In this analysis, I am using the polls_2008 dataset from the dslabs package. This dataset contains polling data from the 2008 U.S. presidential election, including the margin of Obama’s lead over McCain as a percentage, recorded at different days leading up to the election.
For this visualization, I created a scatter plot to show the relationship between the number of days before the election (day) and the polling margin (margin). Each point represents a specific day’s polling data, with the margin showing how much Obama was leading by that particular day. A linear regression line has been added to the plot to visualize the trend over time, showing how Obama’s polling margin changed as the election day approached.
The x-axis represents the number of days before the election, and the y-axis represents Obama’s polling margin as a percentage. The plot uses a minimal theme to maintain clarity and focus on the data, with the title “Polling Margin in 2008 U.S. Presidential Election” placed at the top for context.
By examining this plot, we can see how Obama’s polling margin fluctuated and potentially identify any significant trends leading up to the election.
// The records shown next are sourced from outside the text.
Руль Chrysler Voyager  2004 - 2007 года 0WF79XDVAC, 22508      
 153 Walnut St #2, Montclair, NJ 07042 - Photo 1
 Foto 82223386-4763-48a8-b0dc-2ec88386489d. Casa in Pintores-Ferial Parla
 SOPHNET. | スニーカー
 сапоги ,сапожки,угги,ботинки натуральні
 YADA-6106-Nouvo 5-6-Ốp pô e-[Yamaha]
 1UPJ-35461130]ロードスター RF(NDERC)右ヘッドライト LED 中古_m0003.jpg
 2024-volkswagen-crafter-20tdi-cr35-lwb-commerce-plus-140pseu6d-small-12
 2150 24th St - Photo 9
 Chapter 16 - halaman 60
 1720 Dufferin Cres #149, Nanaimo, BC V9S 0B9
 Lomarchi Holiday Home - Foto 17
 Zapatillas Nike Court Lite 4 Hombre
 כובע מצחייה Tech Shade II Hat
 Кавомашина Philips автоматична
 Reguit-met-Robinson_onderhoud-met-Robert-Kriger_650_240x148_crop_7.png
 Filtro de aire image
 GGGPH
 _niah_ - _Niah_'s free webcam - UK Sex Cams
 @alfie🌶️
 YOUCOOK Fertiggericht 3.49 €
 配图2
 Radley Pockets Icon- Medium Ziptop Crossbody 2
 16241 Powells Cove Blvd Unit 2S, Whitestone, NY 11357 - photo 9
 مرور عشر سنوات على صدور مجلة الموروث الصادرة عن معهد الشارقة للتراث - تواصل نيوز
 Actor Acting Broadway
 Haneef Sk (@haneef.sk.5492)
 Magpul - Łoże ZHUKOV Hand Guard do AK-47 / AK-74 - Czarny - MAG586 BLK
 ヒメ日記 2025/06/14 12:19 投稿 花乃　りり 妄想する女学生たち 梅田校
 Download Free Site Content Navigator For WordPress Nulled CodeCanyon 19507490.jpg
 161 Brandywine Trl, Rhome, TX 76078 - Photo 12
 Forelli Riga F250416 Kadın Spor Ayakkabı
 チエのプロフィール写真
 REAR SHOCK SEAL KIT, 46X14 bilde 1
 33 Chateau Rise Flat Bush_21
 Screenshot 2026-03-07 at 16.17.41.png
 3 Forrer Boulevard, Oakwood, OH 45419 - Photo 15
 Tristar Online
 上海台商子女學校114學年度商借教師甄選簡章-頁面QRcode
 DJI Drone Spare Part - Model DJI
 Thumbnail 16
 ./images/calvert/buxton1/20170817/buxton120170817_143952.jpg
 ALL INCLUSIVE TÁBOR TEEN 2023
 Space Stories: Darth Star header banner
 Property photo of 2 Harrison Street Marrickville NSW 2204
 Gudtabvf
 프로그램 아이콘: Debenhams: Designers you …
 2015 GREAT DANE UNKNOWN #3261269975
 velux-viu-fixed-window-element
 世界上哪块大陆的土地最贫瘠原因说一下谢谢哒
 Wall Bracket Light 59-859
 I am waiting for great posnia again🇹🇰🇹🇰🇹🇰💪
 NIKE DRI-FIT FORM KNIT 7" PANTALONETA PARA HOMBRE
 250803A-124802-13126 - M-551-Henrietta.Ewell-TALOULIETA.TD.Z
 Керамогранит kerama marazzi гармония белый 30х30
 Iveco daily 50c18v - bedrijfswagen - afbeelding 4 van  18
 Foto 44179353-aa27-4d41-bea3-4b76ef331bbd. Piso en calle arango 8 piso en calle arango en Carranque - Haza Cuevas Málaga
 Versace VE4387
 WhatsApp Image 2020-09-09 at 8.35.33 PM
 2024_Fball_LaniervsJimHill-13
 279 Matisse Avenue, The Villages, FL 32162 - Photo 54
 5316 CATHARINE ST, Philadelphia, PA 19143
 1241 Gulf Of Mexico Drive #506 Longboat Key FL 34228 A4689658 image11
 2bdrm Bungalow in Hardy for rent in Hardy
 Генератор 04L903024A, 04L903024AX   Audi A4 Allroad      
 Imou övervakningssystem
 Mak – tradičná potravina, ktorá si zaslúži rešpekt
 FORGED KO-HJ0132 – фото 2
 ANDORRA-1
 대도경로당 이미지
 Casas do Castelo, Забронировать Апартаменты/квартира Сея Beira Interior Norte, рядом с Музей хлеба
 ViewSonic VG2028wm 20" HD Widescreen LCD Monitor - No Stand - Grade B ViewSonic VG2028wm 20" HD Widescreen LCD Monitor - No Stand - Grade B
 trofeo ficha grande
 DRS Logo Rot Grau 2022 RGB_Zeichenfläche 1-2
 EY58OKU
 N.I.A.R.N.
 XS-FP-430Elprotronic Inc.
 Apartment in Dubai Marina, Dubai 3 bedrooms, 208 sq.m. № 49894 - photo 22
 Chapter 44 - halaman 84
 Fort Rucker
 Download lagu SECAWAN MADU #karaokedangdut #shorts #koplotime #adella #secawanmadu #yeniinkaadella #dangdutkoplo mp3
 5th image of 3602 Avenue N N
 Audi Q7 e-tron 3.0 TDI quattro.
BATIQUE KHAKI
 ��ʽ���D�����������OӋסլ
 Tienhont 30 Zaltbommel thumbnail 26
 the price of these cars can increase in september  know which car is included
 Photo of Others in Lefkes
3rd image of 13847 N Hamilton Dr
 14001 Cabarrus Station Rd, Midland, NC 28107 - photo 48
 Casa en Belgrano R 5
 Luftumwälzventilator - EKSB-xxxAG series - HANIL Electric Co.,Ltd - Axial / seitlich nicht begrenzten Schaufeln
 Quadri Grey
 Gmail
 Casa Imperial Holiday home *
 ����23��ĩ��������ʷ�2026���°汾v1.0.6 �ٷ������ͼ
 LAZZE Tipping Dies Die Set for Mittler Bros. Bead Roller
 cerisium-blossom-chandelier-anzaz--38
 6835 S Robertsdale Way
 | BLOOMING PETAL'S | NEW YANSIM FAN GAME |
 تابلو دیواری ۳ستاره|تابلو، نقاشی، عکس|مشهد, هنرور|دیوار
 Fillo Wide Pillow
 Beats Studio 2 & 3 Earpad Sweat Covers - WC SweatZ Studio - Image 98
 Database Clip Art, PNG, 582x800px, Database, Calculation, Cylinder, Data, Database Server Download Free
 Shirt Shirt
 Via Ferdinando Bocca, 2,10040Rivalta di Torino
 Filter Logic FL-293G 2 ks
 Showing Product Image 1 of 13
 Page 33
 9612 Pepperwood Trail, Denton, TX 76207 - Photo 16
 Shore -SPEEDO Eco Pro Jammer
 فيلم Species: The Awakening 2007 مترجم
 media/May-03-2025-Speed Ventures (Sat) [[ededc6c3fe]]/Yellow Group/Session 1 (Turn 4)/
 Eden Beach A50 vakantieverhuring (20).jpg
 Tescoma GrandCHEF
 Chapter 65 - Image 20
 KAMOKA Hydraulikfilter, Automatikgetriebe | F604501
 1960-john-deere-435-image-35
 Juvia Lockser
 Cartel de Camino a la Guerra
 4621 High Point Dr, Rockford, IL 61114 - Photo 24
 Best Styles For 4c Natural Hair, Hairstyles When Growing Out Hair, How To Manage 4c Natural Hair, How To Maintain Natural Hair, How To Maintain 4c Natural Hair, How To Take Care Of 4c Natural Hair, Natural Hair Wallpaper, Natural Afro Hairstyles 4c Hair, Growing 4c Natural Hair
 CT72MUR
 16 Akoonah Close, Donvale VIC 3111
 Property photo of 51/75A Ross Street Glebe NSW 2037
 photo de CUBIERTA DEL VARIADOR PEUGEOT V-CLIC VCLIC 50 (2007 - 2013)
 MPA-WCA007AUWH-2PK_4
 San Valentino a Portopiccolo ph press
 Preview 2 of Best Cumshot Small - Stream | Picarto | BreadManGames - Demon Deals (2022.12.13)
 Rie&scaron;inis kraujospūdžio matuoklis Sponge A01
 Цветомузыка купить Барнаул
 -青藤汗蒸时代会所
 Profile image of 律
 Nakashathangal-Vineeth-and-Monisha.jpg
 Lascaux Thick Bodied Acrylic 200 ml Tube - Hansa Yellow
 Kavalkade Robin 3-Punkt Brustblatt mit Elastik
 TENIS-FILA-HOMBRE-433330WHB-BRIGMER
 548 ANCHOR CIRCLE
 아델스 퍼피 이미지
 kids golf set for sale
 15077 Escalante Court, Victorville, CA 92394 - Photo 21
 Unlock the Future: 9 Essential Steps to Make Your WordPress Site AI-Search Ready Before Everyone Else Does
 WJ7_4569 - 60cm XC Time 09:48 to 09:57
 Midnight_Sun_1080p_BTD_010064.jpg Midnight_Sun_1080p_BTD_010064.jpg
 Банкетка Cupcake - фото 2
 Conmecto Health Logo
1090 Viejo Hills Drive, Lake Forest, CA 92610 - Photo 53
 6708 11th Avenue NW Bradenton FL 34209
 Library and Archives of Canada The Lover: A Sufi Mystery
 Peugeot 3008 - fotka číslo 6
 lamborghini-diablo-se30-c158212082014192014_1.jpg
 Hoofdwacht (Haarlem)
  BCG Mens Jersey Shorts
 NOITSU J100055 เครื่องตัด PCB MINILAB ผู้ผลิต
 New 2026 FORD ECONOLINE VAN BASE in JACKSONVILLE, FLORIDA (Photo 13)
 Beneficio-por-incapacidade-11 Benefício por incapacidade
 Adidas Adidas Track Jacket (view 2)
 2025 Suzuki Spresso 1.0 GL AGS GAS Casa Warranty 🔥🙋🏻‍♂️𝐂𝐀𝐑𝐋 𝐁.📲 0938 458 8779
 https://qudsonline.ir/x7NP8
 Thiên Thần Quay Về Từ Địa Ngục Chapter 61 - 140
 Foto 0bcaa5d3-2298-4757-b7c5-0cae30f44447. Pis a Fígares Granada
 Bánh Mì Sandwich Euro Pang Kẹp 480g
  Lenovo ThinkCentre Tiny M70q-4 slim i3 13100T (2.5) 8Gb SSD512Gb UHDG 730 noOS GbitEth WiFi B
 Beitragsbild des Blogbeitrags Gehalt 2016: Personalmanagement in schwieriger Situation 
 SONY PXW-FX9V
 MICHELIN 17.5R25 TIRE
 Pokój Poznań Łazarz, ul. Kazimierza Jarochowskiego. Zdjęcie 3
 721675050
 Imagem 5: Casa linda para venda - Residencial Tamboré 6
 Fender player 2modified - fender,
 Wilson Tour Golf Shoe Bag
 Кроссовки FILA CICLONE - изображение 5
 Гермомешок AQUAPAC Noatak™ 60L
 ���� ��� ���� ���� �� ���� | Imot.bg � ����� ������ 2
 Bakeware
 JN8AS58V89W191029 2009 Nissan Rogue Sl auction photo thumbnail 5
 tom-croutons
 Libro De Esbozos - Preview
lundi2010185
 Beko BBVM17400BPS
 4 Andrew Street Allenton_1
I will provide two graphs.
##load necessary packages
library(dslabs)
Warning: package 'dslabs' was built under R version 4.4.3
library(tidyverse)
Warning: package 'ggplot2' was built under R version 4.4.2
── Attaching core tidyverse packages ──────────────────────── tidyverse 2.0.0 ──
✔ dplyr 1.1.4 ✔ readr 2.1.5
✔ forcats 1.0.0 ✔ stringr 1.5.1
✔ ggplot2 3.5.1 ✔ tibble 3.2.1
✔ lubridate 1.9.3 ✔ tidyr 1.3.1
✔ purrr 1.0.2
── Conflicts ────────────────────────────────────────── tidyverse_conflicts() ──
✖ dplyr::filter() masks stats::filter()
✖ dplyr::lag() masks stats::lag()
ℹ Use the conflicted package (<http://conflicted.r-lib.org/>) to force all conflicts to become errors
library(ggthemes)
Warning: package 'ggthemes' was built under R version 4.4.3
day margin
Min. :-155.00 Min. :-0.05000
1st Qu.:-111.50 1st Qu.: 0.02417
Median : -72.00 Median : 0.04500
Mean : -74.31 Mean : 0.04223
3rd Qu.: -35.00 3rd Qu.: 0.06083
Max. : -1.00 Max. : 0.12000
ggplot(polls_2008, aes(x = day, y = margin)) +geom_point(alpha =0.6, color ="blue") +# Plot individual points with some transparencygeom_smooth(method ="lm", se =FALSE, color ="green") +# Add a linear regression linescale_x_continuous(name ="Days Before Election") +# Label for the x-axisscale_y_continuous(name ="Polling Margin (%)") +# Label for the y-axisggtitle("Polling Margin in 2008 U.S. Presidential Election") +# Title of the plottheme_minimal() +# Use a clean, minimal themetheme(plot.title =element_text(hjust =0.5)) # Center the title
`geom_smooth()` using formula = 'y ~ x'
##First visualization interpretation
This graph shows the polling margin in the 2008 U.S. presidential election over the days leading up to the election. The x-axis represents the number of days before the election, and the y-axis shows the polling margin, which indicates the percentage difference in support between the two main candidates. The blue dots represent individual polling data points, and the green line is a linear regression showing the trend over time. The plot suggests that as the election day approached, the polling margin shifted in a certain direction. The smooth line helps us see the general trend of the data without focusing on every small fluctuation. The graph uses a minimal theme for a clean look and centers the title for better readability.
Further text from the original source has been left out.